2016 debut single by Fais featuring Afrojack song

"Hey" is a debut single by Dutch singer-songwriter Fais featuring Dutch DJ Afrojack.

==Music video==
An accompanying music video for "Hey" was released on 26 February 2016 via Afrojack's channel, running for 4 minutes to 9 seconds.
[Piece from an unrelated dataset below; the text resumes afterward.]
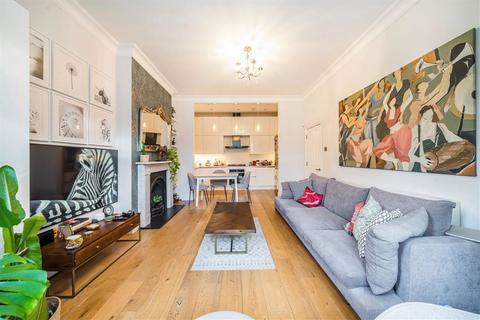 3 bedroom flat to rent, Exeter Road, LONDON NW2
The video featured models Alexis Ren and Jay Alvarrez.

==Charts==

===Weekly charts===

Weekly chart performance
| Chart (2016) | Peak position |
|---|---|
| Belgium (Ultratip Bubbling Under Flanders) | 4 |
| Belgium (Ultratip Bubbling Under Wallonia) | 26 |
| Finland Airplay (Radiosoittolista) | 7 |
| Finland Download (Latauslista) | 24 |
| Finland Streaming (Streamlista) | 31 |
| Netherlands (Dutch Top 40) | 2 |
| Netherlands (Single Top 100) | 7 |
| Norway (VG-lista) | 32 |
| Sweden (Sverigetopplistan) | 12 |
| US Hot Dance/Electronic Songs (Billboard) | 24 |

===Year-end charts===

Annual chart rankings
| Chart (2016) | Position |
|---|---|
| Netherlands (Dutch Top 40) | 14 |
| Netherlands (Single Top 100) | 24 |
| Sweden (Sverigetopplistan) | 56 |
| US Hot Dance/Electronic Songs (Billboard) | 82 |

==Certifications==

| Region | Certification | Certified units/sales |
| Brazil (Pro-Música Brasil) | Gold | 30,000^{‡} |
| Netherlands (NVPI) | 8× Platinum | 320,000^{‡} |
| Sweden (GLF) | 3× Platinum | 120,000^{‡} |
^{‡} Sales+streaming figures based on certification alone.